But then, as mentioned, a lion’s share of the credit belongs to Pacino. Surly but with just enough cheek. charm and biting wit, it’s a hugely entertaining role with big meaty speeches to chew on. Pacino makes it very funny, from his don’t-give-a-crap rudeness to his don’t-take-no-for-an-answer insistence on getting his own way. The film gives him a memorable set-piece moment pretty much every 15 minutes: his surly introduction, via a speech on the beautiful scents of women, the film’s iconic tango-dancing with Gabrielle Anwar, driving a Ferrari around the empty streets of the Bronx (and convincing a cop who pulls him over that he’s not blind), a thwarted suicide with the sort of barked refrain Pacino loves (“I’m in the DARK here!”) to a leave-no-prisoners final “courtroom” speech that’s one of the best of its kind. This is all meat and drink for Pacino.

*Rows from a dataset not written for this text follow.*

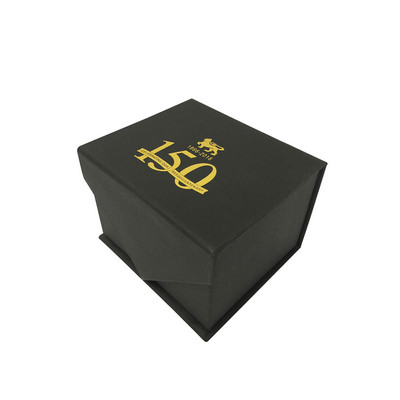 Magnetic Flip Lid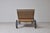 Brown F41-E Chaise Longue by Marcel Breuer for Tecta, 1984 For Sale - Image 8 of 10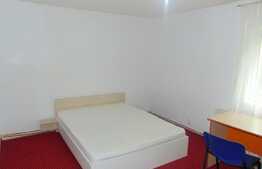 2 camere, 55 mp, decomandat, zona Spitalului de Recuperare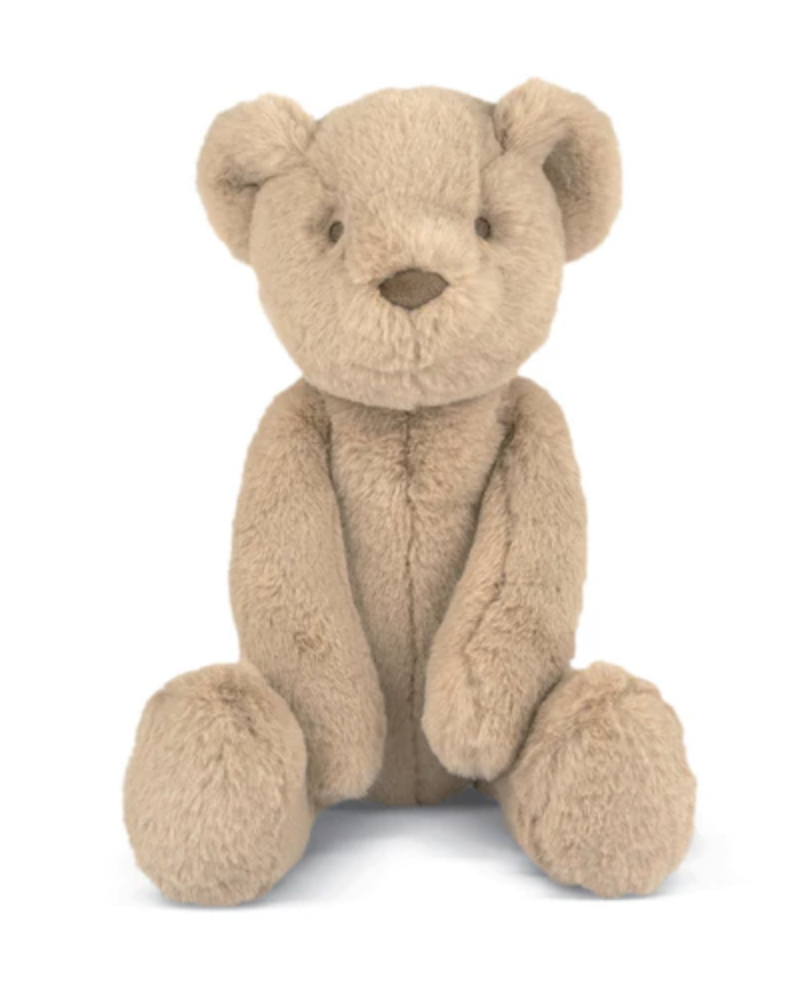 Mamas & Papas Teddy Bear Soft Toy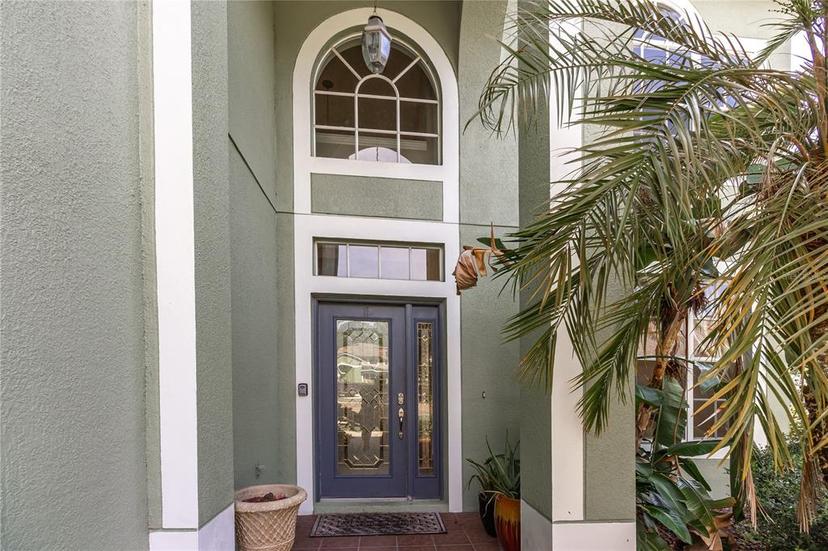Picture of 11102 Avery Oaks Drive, Tampa FL 33625
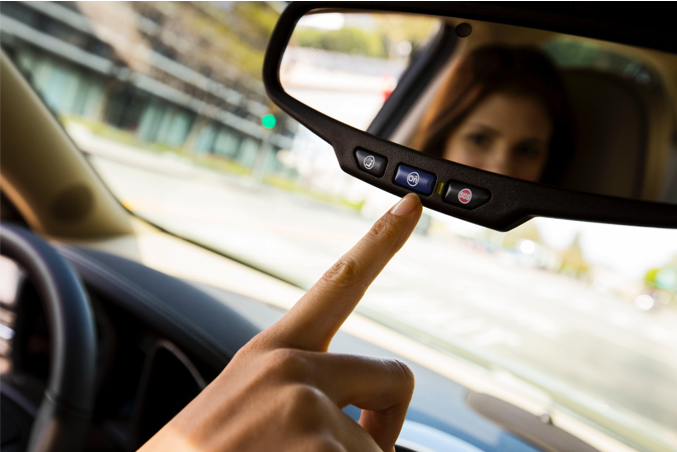 PublimetroMX's tweet photo. Commercial link, la nueva solución de negocio para flotillas de @ChevroletMexico
https://t.co/0TpPSBWZ7R
Vía: @AutosRPMoficial
#OnStar #CommercialLink #Autos #Flotillas #Servicio #Chevrolet https://t.co/cLq6cPG0Ut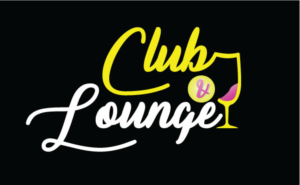 Logo Design by naina 3 for this project | Design: #18874602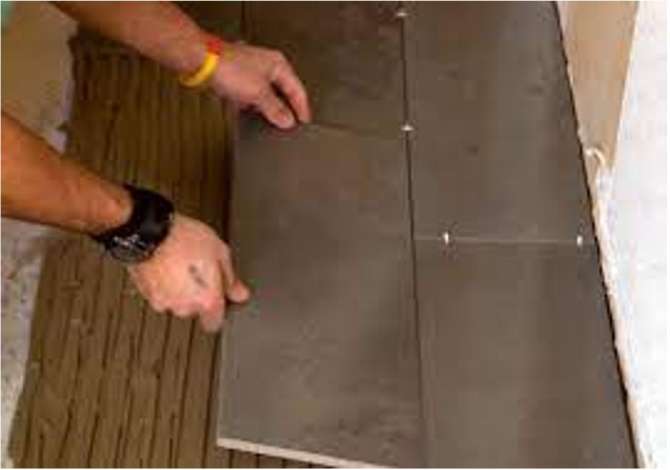 Sherbime Elektrike Hidraulike dhe Ambienti ne Tirane - 0 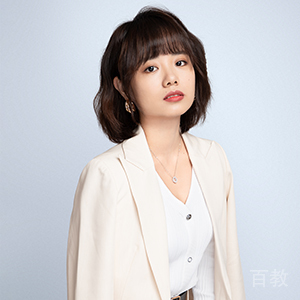 Lanqi F.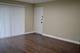 9396 Bay Colony Unit 1S, Des Plaines, IL 60016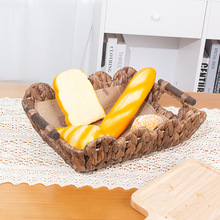 �羳���l�ռ{����ɫˮ���J�����ռ{�@�ӿ͏dˮ��������N���u���@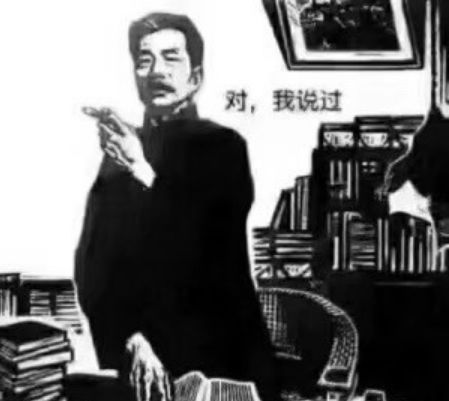



国务院再发重磅消息，直接影响明天股市！
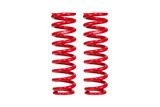 Set of 2 Front Springs E30-82-079-04-20
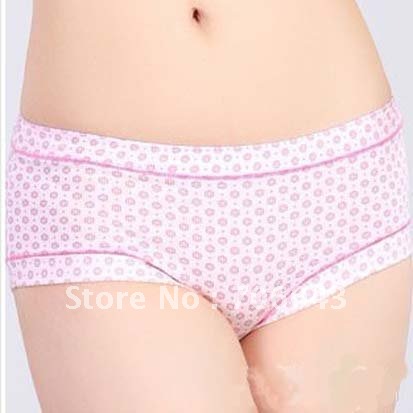 shortsFREE SHIPPING2012 newLADY PANTS wholesale and retail sell like hot cakes 60 G 95% cotton 5% spandex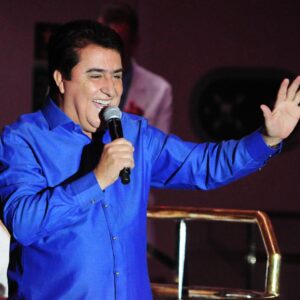 AngeloMáximo1-divulgação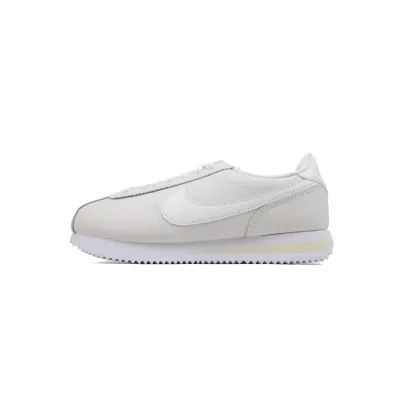  GET Cortez Grey DN1791-002 01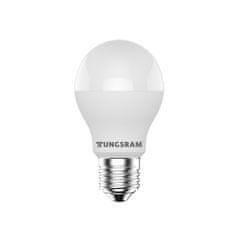 Tungsram LED žarnica, 8 W, A55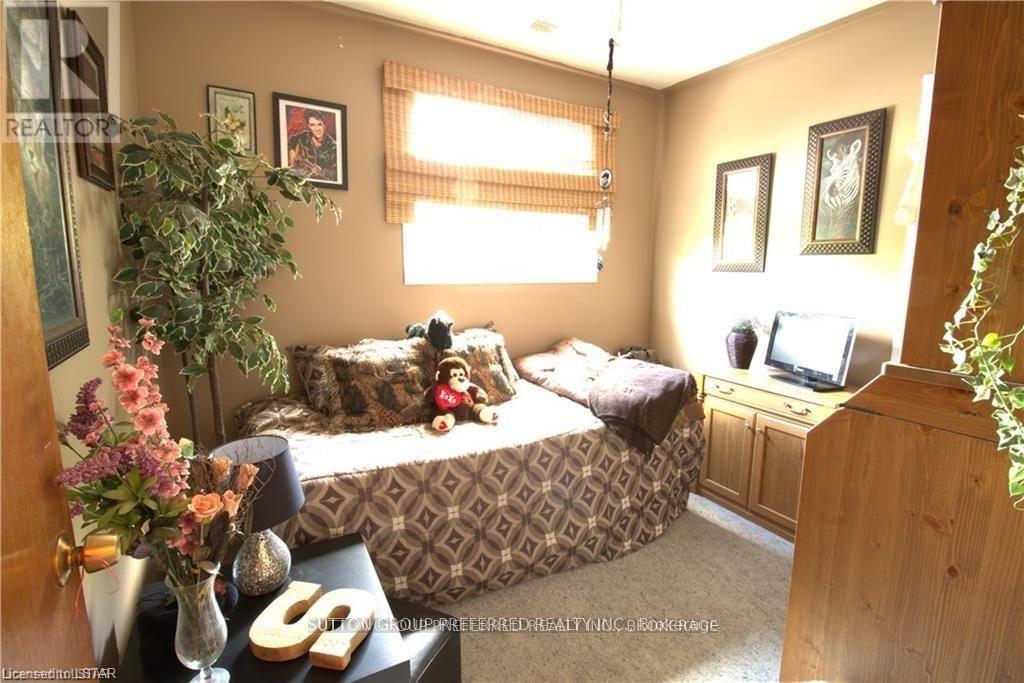 27a Warren Road, Norfolk (Simcoe), Ontario  N3Y 2J7 - Photo 8 - X9379688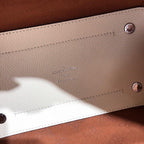 hina-pm-1 Tote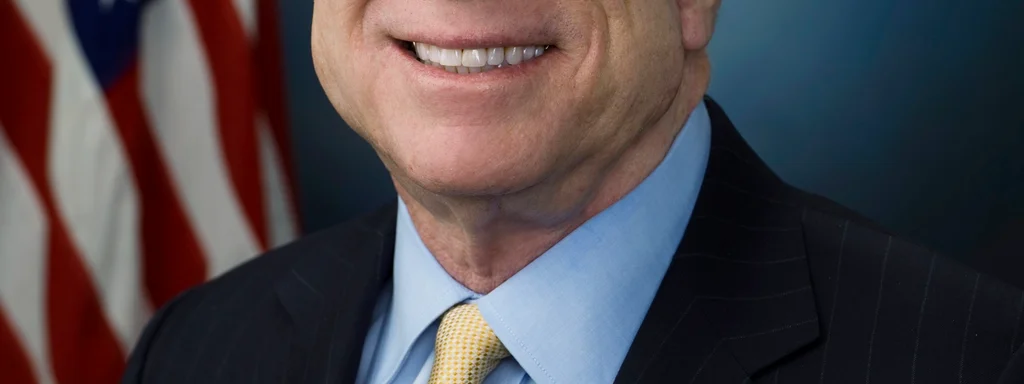 Featured image for: CIA allegedly contracted venereal disease among agents CIA allegedly contracted venereal disease among agents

But this is a more nuanced performance than just a star’s turn. Pacino makes Slade a deeply unhappy man, slowly realising he has been so most of his life. A man who uses anger, wit and cruelty as shields to drive people away and make himself look and feel tough. Blindness has become a constant reminder of his vulnerability and dependence, but also made the shell of isolation he has built around himself all consuming. He’s realising pretty much everyone he knows hates him, whose family (from youngest to oldest) want as little to do with him as possible, who has never had a meaningful relationship and clings to a war record he frequently garnishes to appear more important. Pacino manages to convey all this deep-down regret and self-loathing extremely well, matched with a physically dedicated performance of approximating blindness that is one of the best there is on film.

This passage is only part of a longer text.